Clear Light was a psychedelic rock band that formed in Los Angeles in 1966. They were very much in the mold of fellow Elektra Records artists Love, Tim Buckley, and especially the Doors.

In 1966, the The Brain Train formed and was managed by Sunset Strip hipster Bud Mathis. They recorded a single at the time but soon changed their name to Clear Light where they were signed by Elektra Records. One condition was that they fire Bud Mathis and in doing so, Doors’ producer Paul A. Rothchild took over management of the band.

The core members of the group were Bob Seal, lead guitarist and vocals, Robbie “The Werewolf” Robison, rhythm guitar and vocals, Doug Lubahn bass and vocals, Dallas Taylor drums, and Michael Ney, on, most unusually, another set of drums. They soon added Cliff De Young on lead vocals. This is the version of the band seen on their one and only album cover. However, sometime during the often described “brutal” recording process, Paul Rothchild was not happy with Robbie “The Werewolf” Robison’s guitar playing skills and pressured the group to replace him. That is how keyboardist Ralph Schuckett entered the band. For some reason, this was not properly addressed on the album cover and the revamped version of Clear Light appears only on the album insert, if you were lucky enough to get an original copy.
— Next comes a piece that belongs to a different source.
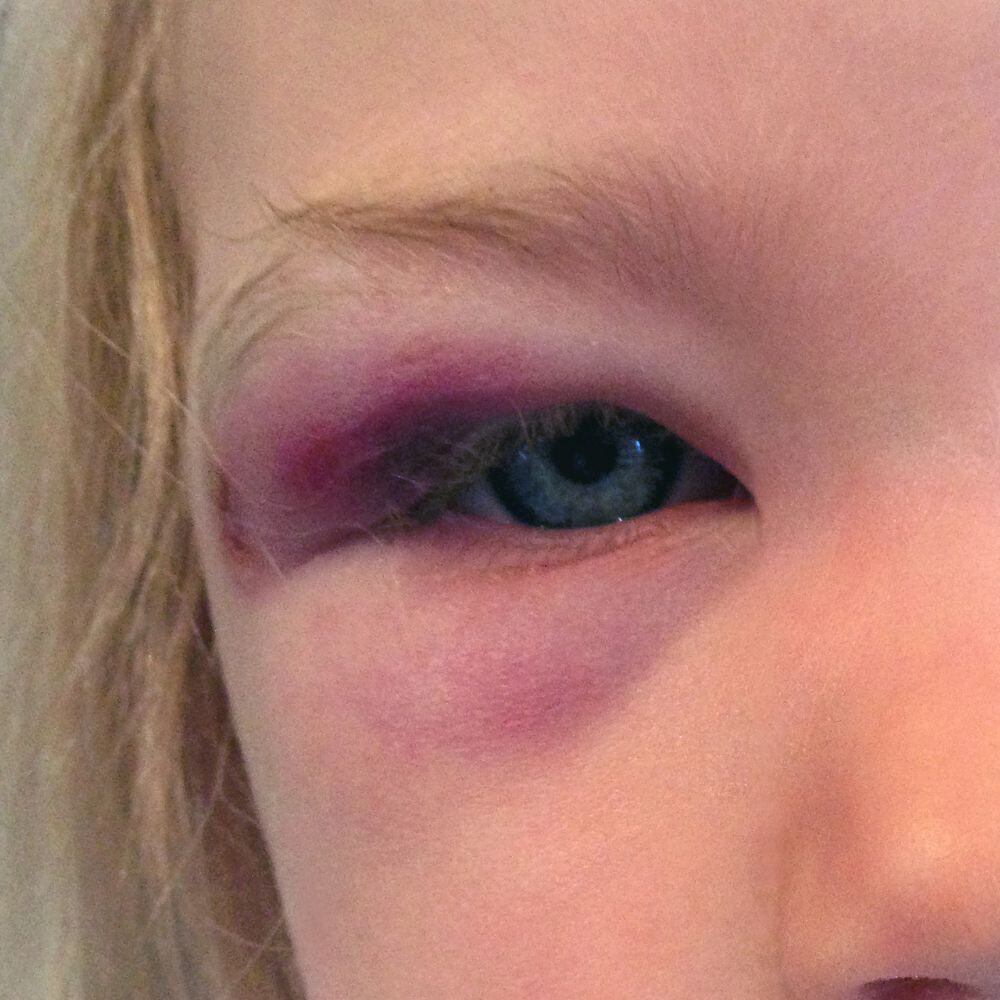 Prevención de Accidentes Oculares en Alinea Visión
What has been considered the band’s finest hour came when drunken customers in a Park Avenue club heckled them so brutally that Ralph Schuckett, the usually gentle organist, hurled a few choice words back at them. They then walked off the stage, retired to the Albert Hotel, and woke up in the morning to find that they had become underground heroes.

The big hit off their only album, Clear Light, was “Mr. Blue,” a psychedelic version of a folk song written by Tom Paxton and a popular request on underground radio at the time, despite the fact it was never released as a single. Lasting over six minutes, the rather sinister, psychedelic song is considered a classic of the genre. Its lyrics, which alternate between spoken word and song, include verses opening with such lines as, “Good morning, Mister Blue, we’ve got our eye on you,” “Step softly, Mister Blue, we know what’s best for you,” and “Be careful, Mister Blue, this phase you’re going through ….”

The album also included some of guitarist Bob Seal’s best psychedelic folk-rock songs, namely “With All in Mind” and “They Who Have Nothing.” It had some success in England, but less in the U.S. The end of the group started when Paul Rothchild pressured the other members of the band to fire Bob Seal. When this happened, Cliff De Young was soon to follow and though they struggled on for a brief time, the band was essentially over, especially with the heart and spirit of the band, Bob Seal, gone. Seal was replaced by ex-Fug Danny “Kootch” Kortchmar but the group disbanded in 1968 after having started work on a second album. Two tracks from the sessions surfaced in 2006, “Darkness of Day” and “What a Difference Love Makes”; the latter showed the group moving into more commercial territory due to Kortchmar’s influence. Schukett and Ney appeared on the Monkees track “Porpoise Song”, from their movie Head.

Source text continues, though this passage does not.